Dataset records
++++++++++++++++++++

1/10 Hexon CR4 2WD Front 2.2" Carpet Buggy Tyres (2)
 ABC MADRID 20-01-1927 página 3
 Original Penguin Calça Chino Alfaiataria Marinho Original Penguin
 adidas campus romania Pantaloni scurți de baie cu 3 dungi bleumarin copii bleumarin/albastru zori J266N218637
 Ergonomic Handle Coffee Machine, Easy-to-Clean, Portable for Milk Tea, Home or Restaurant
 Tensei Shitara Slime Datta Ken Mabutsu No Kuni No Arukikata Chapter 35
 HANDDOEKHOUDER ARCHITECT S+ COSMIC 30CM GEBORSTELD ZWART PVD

++++++++++++++++++++

- What to do: Type out the entries again, word for word.

- Response area:
1/10 Hexon CR4 2WD Front 2.2" Carpet Buggy Tyres (2)
 ABC MADRID 20-01-1927 página 3
 Original Penguin Calça Chino Alfaiataria Marinho Original Penguin
 adidas campus romania Pantaloni scurți de baie cu 3 dungi bleumarin copii bleumarin/albastru zori J266N218637
 Ergonomic Handle Coffee Machine, Easy-to-Clean, Portable for Milk Tea, Home or Restaurant
 Tensei Shitara Slime Datta Ken Mabutsu No Kuni No Arukikata Chapter 35
 HANDDOEKHOUDER ARCHITECT S+ COSMIC 30CM GEBORSTELD ZWART PVD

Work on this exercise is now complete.